As an aside, I strongly suspect that one additional line of code can be used to push requests for pages (products) that don't exists to a custom 404 error page at /error_docs/404/php? Am I right? If so, how do?

Hope this makes sense, and hope someone can help before stressing about it ruins my weekend!
Cheers,
Nik

jdMorgan

7:23 pm on Jul 17, 2009 (gmt 0)

WebmasterWorld Senior Member 10+ Year Member



The first rule does not need a RewriteCond, because its output path won't match its pattern due to the "subdirectory" path-part required to match its pattern.

But the second rule's ".*" pattern matches "anything, everything, or nothing -- with or without a trailing slash," and so must be prevented from being re-invoked (and looping) with previously-internally-rewritten requests for either index.php or products.php:


Options +FollowSymLinks
RewriteEngine on
#
RewriteRule ^(([^/]+/)+)([^.]+)\.php$ product.php?manufacturer=$1&style=$3 [L]
#
RewriteCond $1 !(productŠindex)\.php$
RewriteRule ^(.*)/?$ index.php?manufacturer=$1 [L]

Replace the broken pipe "Š" character with a solid pipe character before use; Posting on this forum modifies the pipe characters.

The regex patterns in the first rule above have been modified to improve performance.

Note that you really should not allow that trailing slash to be optional, because that creates two URLs for each page/product.

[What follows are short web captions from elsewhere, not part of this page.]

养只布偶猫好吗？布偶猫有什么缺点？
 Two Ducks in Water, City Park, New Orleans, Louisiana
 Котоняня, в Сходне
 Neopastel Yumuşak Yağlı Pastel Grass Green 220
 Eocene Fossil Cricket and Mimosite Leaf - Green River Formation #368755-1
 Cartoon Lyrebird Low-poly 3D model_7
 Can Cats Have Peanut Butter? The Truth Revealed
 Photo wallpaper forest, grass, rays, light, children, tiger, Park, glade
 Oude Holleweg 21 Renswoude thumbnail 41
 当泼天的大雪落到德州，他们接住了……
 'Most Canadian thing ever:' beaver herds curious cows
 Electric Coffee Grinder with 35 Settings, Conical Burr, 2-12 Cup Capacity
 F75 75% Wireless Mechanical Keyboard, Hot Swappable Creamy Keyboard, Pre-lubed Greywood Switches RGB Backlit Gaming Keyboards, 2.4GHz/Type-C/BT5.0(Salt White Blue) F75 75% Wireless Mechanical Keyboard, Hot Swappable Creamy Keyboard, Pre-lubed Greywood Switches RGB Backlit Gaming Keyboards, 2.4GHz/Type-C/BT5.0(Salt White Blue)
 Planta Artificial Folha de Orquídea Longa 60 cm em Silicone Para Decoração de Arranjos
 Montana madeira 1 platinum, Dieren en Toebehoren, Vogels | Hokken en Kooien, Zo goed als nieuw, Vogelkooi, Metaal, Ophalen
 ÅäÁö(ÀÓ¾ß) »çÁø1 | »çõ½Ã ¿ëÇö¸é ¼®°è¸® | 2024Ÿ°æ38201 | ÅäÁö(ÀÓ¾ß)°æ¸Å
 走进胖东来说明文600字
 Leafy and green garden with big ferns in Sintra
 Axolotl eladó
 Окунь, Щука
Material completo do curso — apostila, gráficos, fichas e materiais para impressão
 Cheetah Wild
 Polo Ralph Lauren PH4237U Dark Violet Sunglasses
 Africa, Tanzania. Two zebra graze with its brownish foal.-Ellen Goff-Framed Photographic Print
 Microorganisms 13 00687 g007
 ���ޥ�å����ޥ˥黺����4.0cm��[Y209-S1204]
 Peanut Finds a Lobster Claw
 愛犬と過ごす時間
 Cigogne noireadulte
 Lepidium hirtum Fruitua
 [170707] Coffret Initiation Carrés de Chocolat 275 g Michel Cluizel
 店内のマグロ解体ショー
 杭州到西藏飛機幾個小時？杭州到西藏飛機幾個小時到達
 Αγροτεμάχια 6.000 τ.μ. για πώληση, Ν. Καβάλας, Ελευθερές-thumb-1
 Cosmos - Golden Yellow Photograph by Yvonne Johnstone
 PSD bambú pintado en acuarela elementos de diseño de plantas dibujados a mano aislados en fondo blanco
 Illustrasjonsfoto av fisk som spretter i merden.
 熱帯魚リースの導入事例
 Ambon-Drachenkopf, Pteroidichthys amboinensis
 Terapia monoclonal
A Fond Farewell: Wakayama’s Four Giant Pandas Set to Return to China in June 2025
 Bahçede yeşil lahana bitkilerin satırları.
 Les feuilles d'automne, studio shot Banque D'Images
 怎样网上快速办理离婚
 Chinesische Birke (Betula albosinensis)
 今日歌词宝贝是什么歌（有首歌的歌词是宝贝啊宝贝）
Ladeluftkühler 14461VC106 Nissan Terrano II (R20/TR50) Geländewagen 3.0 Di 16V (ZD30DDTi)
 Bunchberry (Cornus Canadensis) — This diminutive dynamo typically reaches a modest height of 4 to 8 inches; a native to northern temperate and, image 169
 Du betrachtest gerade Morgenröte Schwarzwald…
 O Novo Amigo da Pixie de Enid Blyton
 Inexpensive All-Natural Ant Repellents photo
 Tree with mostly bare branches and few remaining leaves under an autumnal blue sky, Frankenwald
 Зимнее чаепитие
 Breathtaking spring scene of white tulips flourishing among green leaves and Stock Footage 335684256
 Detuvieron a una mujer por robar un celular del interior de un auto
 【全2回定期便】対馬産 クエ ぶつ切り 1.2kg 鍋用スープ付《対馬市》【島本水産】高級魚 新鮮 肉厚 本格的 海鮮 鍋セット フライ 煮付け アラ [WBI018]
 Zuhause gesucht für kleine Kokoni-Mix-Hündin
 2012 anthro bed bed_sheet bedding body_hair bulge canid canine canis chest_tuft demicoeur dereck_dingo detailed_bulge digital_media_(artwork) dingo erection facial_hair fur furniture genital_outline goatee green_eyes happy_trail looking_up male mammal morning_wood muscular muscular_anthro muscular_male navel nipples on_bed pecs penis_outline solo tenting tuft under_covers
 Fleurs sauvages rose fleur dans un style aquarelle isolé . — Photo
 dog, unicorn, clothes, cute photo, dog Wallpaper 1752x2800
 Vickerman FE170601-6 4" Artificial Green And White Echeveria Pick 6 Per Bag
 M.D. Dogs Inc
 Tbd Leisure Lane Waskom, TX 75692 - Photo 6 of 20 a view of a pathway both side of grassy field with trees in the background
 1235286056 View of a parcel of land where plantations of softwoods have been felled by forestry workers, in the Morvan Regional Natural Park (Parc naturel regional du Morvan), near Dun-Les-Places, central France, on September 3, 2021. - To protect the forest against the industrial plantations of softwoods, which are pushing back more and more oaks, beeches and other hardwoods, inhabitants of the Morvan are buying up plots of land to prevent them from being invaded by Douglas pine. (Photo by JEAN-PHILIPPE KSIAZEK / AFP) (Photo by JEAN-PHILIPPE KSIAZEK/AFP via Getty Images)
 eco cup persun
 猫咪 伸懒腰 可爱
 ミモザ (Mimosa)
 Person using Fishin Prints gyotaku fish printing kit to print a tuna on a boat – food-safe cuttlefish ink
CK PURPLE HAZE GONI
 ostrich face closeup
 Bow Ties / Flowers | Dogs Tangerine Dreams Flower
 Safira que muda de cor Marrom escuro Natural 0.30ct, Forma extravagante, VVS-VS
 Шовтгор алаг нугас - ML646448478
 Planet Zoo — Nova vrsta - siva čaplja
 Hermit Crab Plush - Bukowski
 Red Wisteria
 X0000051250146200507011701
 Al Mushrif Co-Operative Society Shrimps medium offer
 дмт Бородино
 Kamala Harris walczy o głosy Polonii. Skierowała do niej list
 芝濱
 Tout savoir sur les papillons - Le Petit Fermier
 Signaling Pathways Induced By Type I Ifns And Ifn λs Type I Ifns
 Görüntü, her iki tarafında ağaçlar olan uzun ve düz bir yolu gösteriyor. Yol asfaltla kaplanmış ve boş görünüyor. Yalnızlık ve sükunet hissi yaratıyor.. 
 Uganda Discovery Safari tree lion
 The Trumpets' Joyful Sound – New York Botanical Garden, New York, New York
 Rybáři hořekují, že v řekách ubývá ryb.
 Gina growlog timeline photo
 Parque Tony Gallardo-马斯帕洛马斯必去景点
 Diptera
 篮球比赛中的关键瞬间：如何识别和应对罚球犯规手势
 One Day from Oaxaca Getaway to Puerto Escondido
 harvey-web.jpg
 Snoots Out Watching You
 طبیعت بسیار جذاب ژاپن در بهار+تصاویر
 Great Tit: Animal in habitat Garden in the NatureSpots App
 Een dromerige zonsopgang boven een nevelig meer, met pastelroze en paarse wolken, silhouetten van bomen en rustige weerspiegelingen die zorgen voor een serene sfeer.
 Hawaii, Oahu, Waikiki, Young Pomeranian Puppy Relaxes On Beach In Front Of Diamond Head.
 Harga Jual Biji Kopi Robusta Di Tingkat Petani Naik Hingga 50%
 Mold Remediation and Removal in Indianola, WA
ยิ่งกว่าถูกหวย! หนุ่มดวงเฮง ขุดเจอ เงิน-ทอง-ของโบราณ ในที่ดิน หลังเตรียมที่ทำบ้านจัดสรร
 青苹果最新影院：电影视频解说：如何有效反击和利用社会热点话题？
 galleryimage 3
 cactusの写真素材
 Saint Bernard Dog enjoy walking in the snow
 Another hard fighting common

That is duplicate-content, a much-discussed search ranking problem. You should pick either slashed or non-slashed URLs as your preferred (canonical) URL-form, and rewrite only those to your script. The other form should be detected and 301-redirected to the canonical form.

-----

Missing/bogus product page URLs:

As far as the server is concerned, any and all pages (products) in that subdirectory exist, because all are rewritten to one or the other script file, which physically exists. The scripts themselves are the only things that can "know" whether a page (product) exists, based on the presence or absence of a database entry for that page/product. Therefore, the script itself must check for the page's existence, and return a proper 404-Not Found response if no database entry can be found to generate an HTML page for that product.

Note that for pages/products that once existed, but which you no longer wish to support, you can/should return a 410-Gone response instead of a 404, assuming that you mark obsolete product records as obsolete, rather than just deleting them (In other words, whether you can support this function depends on how you set up and administer your database). A 410 response (and its error page) essentially tells visitors "We used to sell that, but no longer do," rather than just saying, "Sorry, we can't find that page, and we don't know why," which is all that a 404 means.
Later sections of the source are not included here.